See, Fire and Spirit in the womb that bore You!
See, Fire and Spirit in the river where you were baptized! Fire and Spirit in our Baptism;
in the Bread and the Cup, Fire and Holy Spirit!

In another incarnational hymn, Ephraem fashions extended imagery of Christ as the pearl. This hymn plays on the words amoda ("diver") and amida ("baptized"). The pearl is found by plunging into the water, but it must be pierced (a reference to Christ's suffering) before it can be set in its place of honor.

The form of the dramatic disputation is exemplified by several hymns on Christ's descent into hell that celebrate his cosmic victory over Death. In one such hymn, Death addresses Christ on the cross, challenging and taunting him in his apparent weakness. Then Jesus signals his own death with a loud cry ("Our Lord's voice rang out thunderously in Sheol"), and angels of light illumine the darkness of hell. Seized by terrible fear, Death repents of its prideful words, confesses Jesus as king, and submissively hands over Adam as the first fruits of death with the words: "As first hostage I give you Adam's body. Ascend now and reign over all, and when I hear your trumpet call, with my own hands I will bring forth the dead at your coming" (Brock, 1983, p. 44). The hymn ends in a crescendo of praise to Christ that is typical of Ephraem's poetry.


The following sources and studies can be recommended for further reading. A systematic study of Ephraem's theology is yet to be written.
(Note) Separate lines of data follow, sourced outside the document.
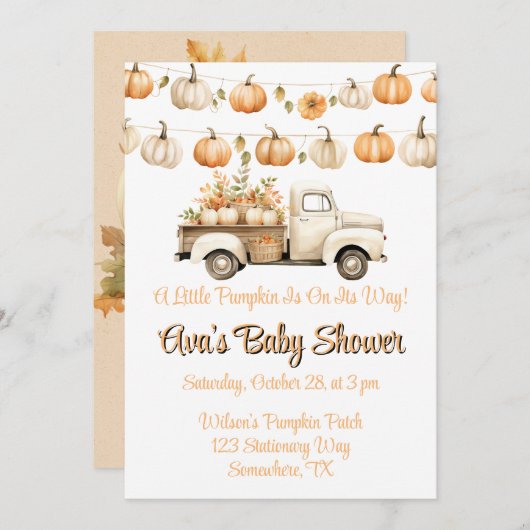 Kleiner Kürbis ist auf dem Weg zur Babydusche Einladung (Vorne/Hinten)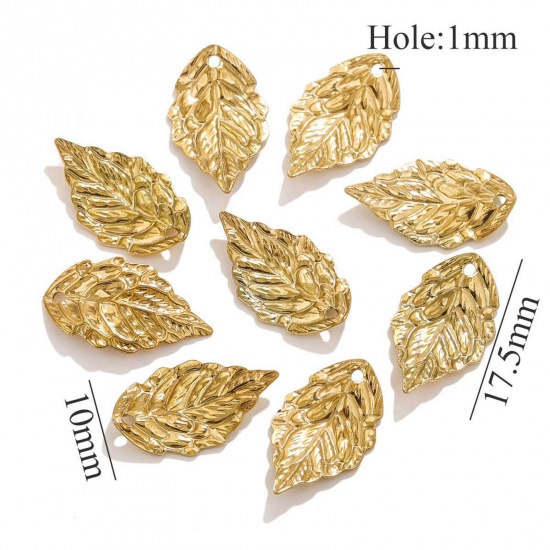 Picture of 20 PCs Vacuum Plating 304 Stainless Steel Charms 18K Gold Plated Leaf 17.5mm x 10mm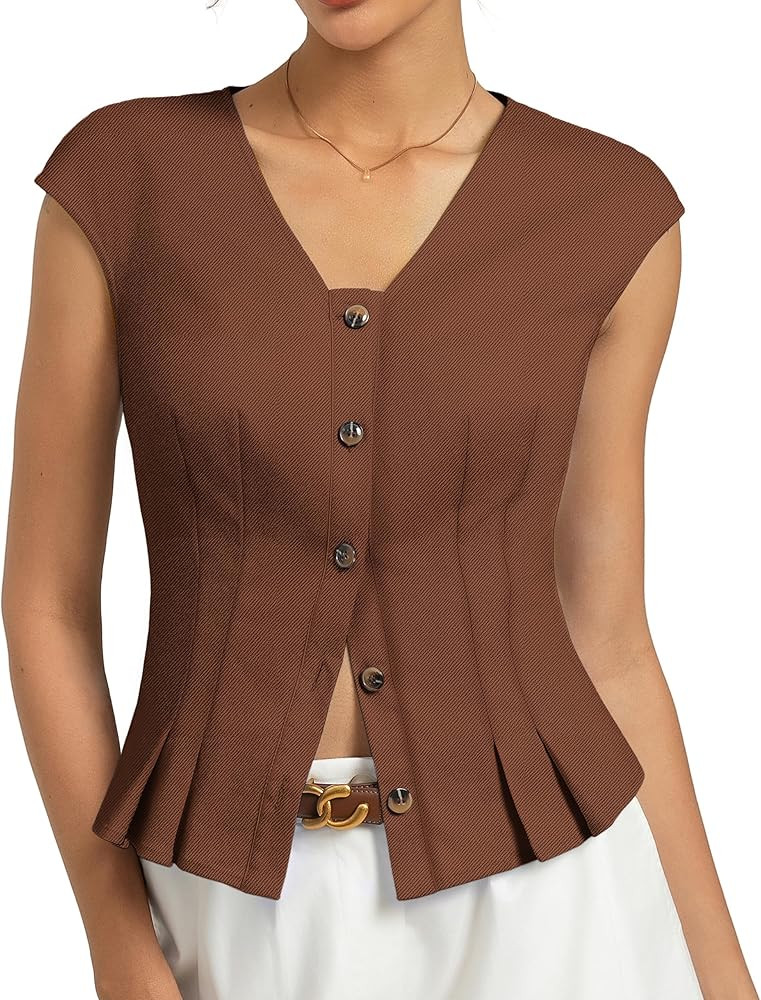 Kate Kasin Womens Button Down Crop Tops, Cap Sleeve Work Shirt, Slim Fit Cute Vest Trendy | Amazon (US)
Beck, Edmund, ed. Corpus Scriptorum Christianorum Orientalium, Scriptores Syri. Louvain, 19551975. The standard editions of the hymns and homilies of Ephraem, with German translations, are available in different volumes in this series.

Brock, Sebastian, trans. The Harp of the Spirit. Studies Supplementary to Sobornost, no. 4. San Bernardino, Calif., 1983. The best collection of English translations of seventeen of Ephraem's hymns and the Homily on the Nativity.

Gwynn, John, ed. Selections from the Hymns and Homilies of Ephraim the Syrian. Select Library of Nicene and Post-Nicene Fathers, second series, vol. 8, pt. 2. Grand Rapids, Mich., 1969. English translations of the hymns on nativity, Epiphany, faith, and Nisibis, as well as of the homilies on the Lord, repentance, and the Sinful Woman.

Murray, Robert. Symbols of Church and Kingdom: A Study in Early Syriac Tradition. London, 1975. A pioneering exploration of sources and themes of early Syrian writers, especially Aphraates and Ephraem, dealing with Christ and the church.

Vööbus, Arthur. Literary, Critical and Historical Studies in Ephrem the Syrian. Uppsala, 1958. An analysis of the sources, life, thought, and role of Ephraem in the tradition of Syrian monasticism.